(Records contained in a dataset)
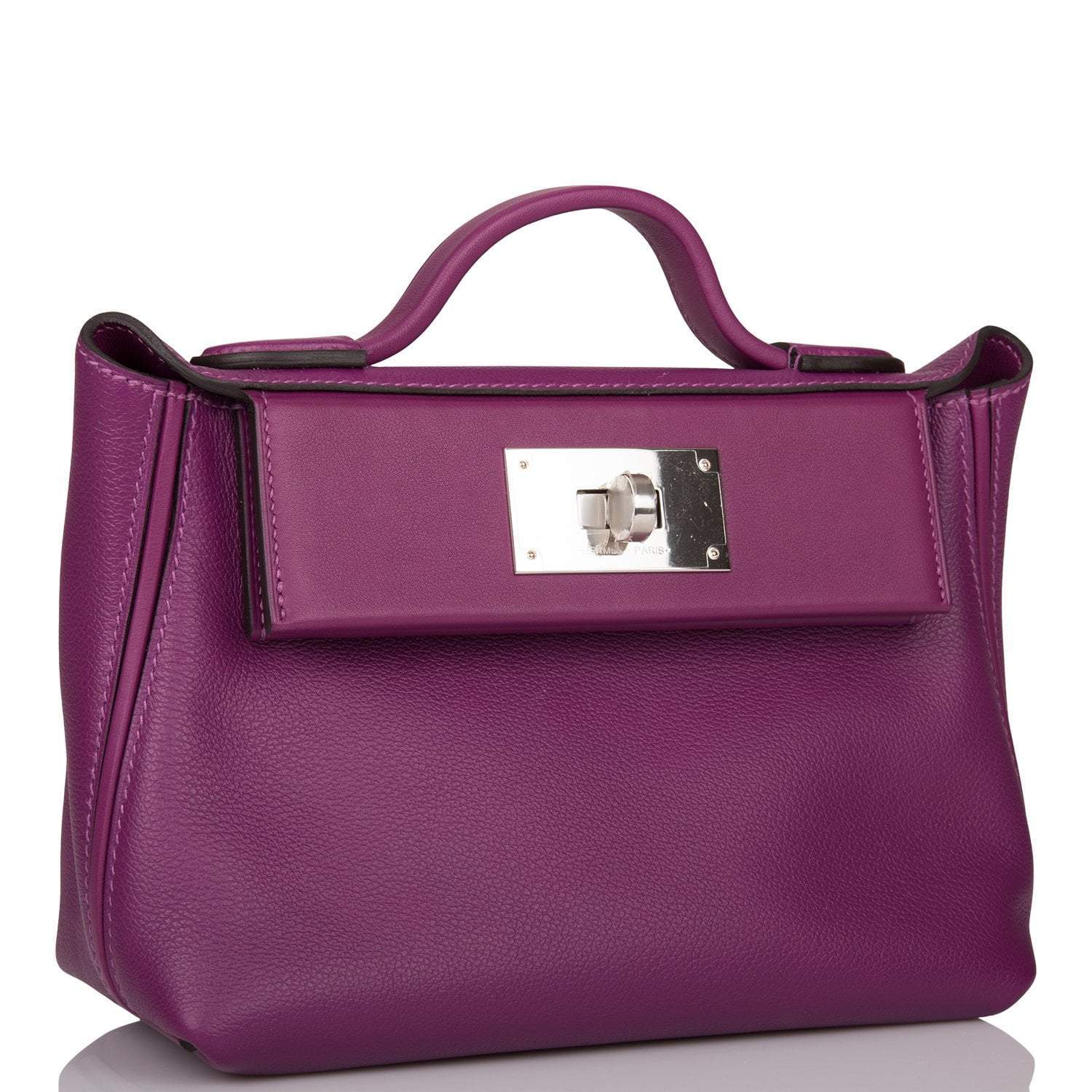 Hermes Anemone Evercolor and Swift Mini 24/24 Bag Palladium Hardware - Exclusu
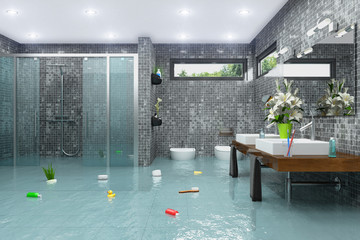 Überschwemmtes modernes Badezimmer - Bad - Dusche - Wasserschaden - Havarie - Hochwasser - obrazy, fototapety, plakaty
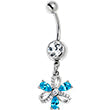 Clear Blue CZ Gem Bling Flower Glam Dangle Belly Ring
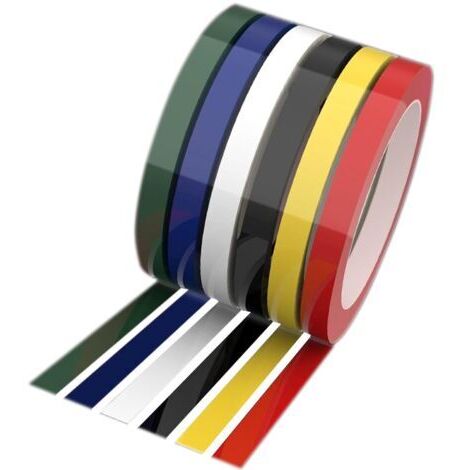 BUNTHAUS Rouleau de 66 m de long, lot de 6, ruban adhésif graphique de 3 mm (1/8 pouce) de large pour tableau blanc, quadrillage, rayures, art électrique, ruban pour artistes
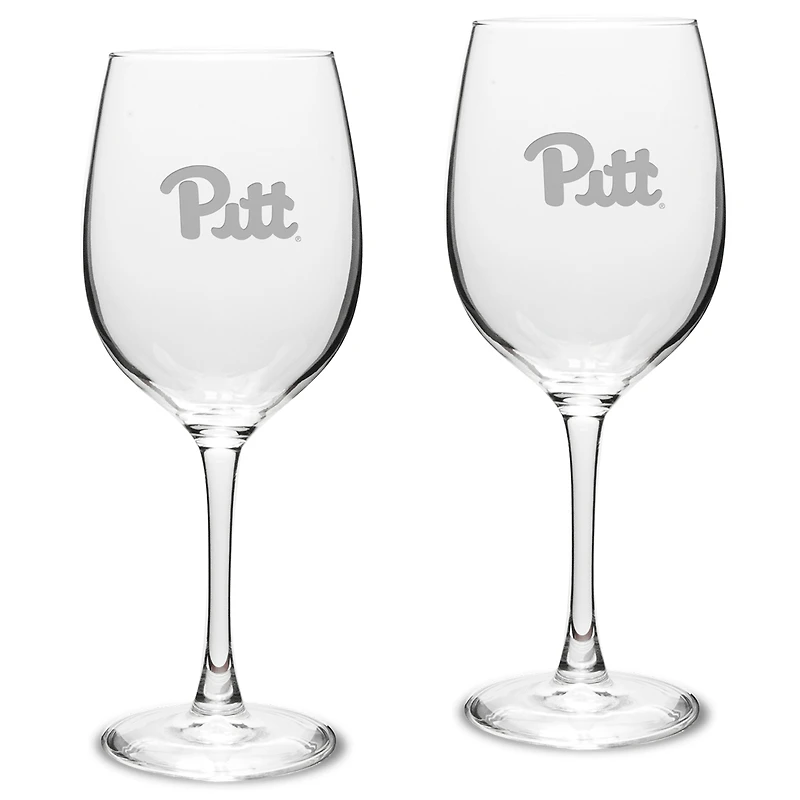 Pitt Panthers 2-Piece 16oz. Traditional White Wine Glass Set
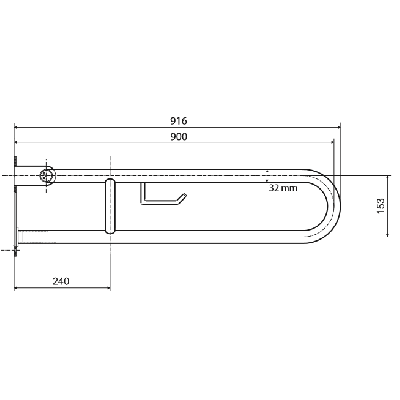 Bemeta Help Pagalbinė rankena U formos 916 mm baltos spalvos (atlenkiama)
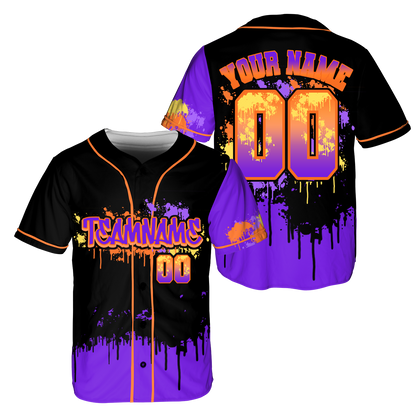 Custom Black - Purple Gtaffiti Baseball Jerseys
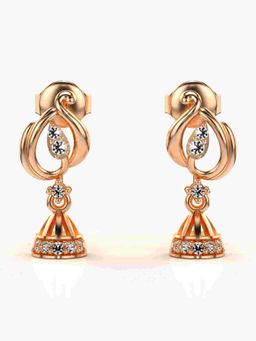 Valanova - Sterling Silver Plated with Rose Gold and Certified Lab Grown Diamond 0.16 Cts Earrings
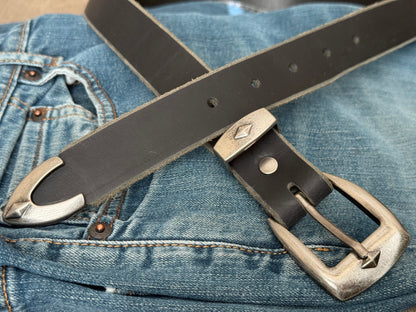 Rugged Leather Belt with Antique Nickel Buckle Set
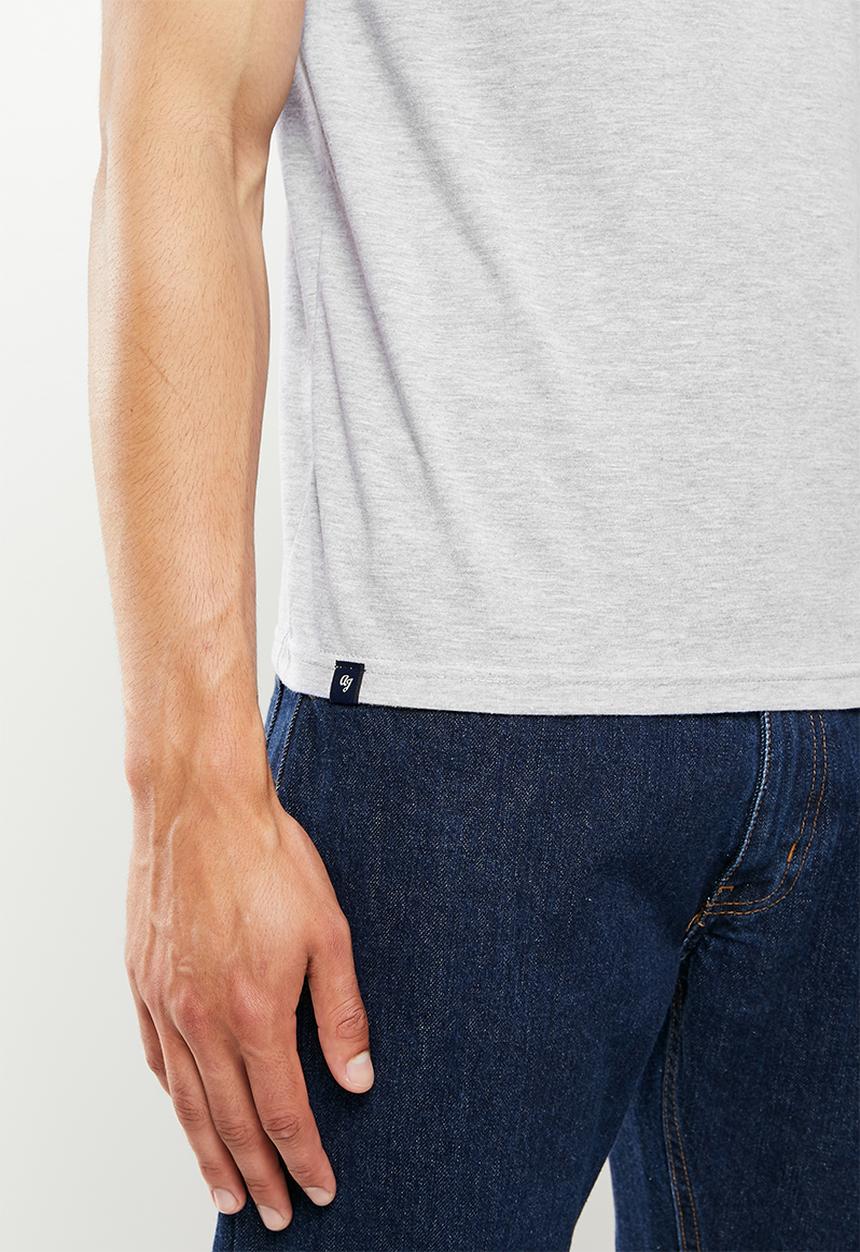 Aca Joe - Aj embroidered tee - grey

* YOUR OBJECTIVE:
Should there be pictures in the data, leave them out and return the rest exactly.

* EXERCISE RESPONSE:
 Hermes Anemone Evercolor and Swift Mini 24/24 Bag Palladium Hardware - Exclusu
 Überschwemmtes modernes Badezimmer - Bad - Dusche - Wasserschaden - Havarie - Hochwasser - obrazy, fototapety, plakaty
 Clear Blue CZ Gem Bling Flower Glam Dangle Belly Ring
 BUNTHAUS Rouleau de 66 m de long, lot de 6, ruban adhésif graphique de 3 mm (1/8 pouce) de large pour tableau blanc, quadrillage, rayures, art électrique, ruban pour artistes
 Pitt Panthers 2-Piece 16oz. Traditional White Wine Glass Set
 Bemeta Help Pagalbinė rankena U formos 916 mm baltos spalvos (atlenkiama)
 Custom Black - Purple Gtaffiti Baseball Jerseys
 Valanova - Sterling Silver Plated with Rose Gold and Certified Lab Grown Diamond 0.16 Cts Earrings
 Rugged Leather Belt with Antique Nickel Buckle Set
 Aca Joe - Aj embroidered tee - grey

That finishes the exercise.